The Jewish refugee settlement agency targeted on social media by the man accused of attacking a Pittsburgh synagogue has received an outpuring of support this week, accoording to the group's leaders.
"The response has been absolutely incredible," Mark Hetfield, president and CEO of Hebrew Immigrant Aid Society, said on "The Rachel Maddow Show." "We have people from all faiths contributing to HIAS. We’ve been getting many calls and letters and emails from ordinary people, by people who have been helped by HIAS, by people whose grandparents were brought by HIAS."
HIAS, the oldest refugee agency in the world, has worked for more than a century to help persecuted Jews resettle in the U.S. Over time, the mission broadened to help refugees worldwide and is among the nine groups that have a contract with the State Department.
The agency, however, has increasingly become a target of right-wing rage and conspiracy theories, according to the Associated Press. Moments before Robert Gregory Bowers opened fire, he left a final message on the social media site Gab, used by many white nationalists.

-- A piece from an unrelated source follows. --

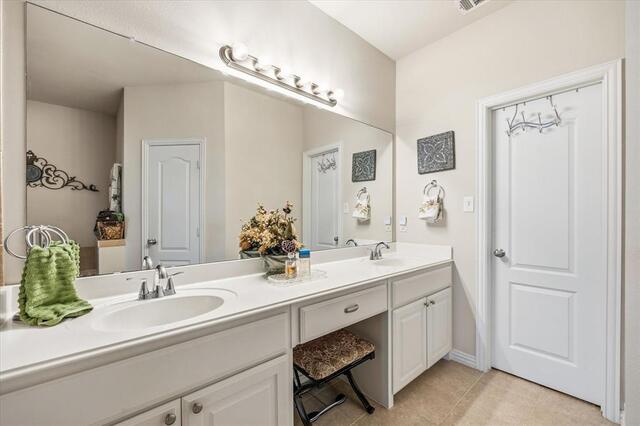 2500 Rockbrook Drive, C27 Lewisville, TX photo 19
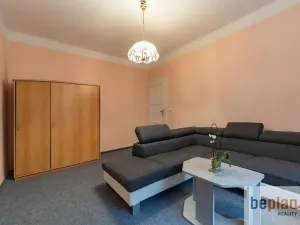 Pronájem bytu 2+1, Karlovy Vary, Moskevská, 60 m2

"HIAS likes to bring invaders in that kill our people, I can't sit by and watch my people get slaughtered. Screw your optics, I'm going in," he wrote.
Bowers apparently believed in a conspiracy theory that stated HIAS was behind the Central American migrant caravan making its way through Mexico.
"We were clearly identified as being a motivation for this murderer," said Hetfield. He believes this was due to the group's strong media presence and how it has helped refugees resettle in Pittsburgh in partnership with Jewish Family and Community Services.
HIAS was outspoken about the migrant caravan and stated through a press release that asylum seekers should be able to apply by presenting the claims required by law. The group said all immigrants should be treated humanely.
"I hope this is an opportunity to re-examine how we speak about the other," Hetfield said to Maddow. "That we re-examine how we are fighting hate speech. There is too much space right now for hate and that is what happened here. Hateful speech almost always leads to hateful acts."
Hetfield said there has been an outpouring of support, with over 400 congregations joining the welcome campaign for refugees and a significant increase in donations and volunteers.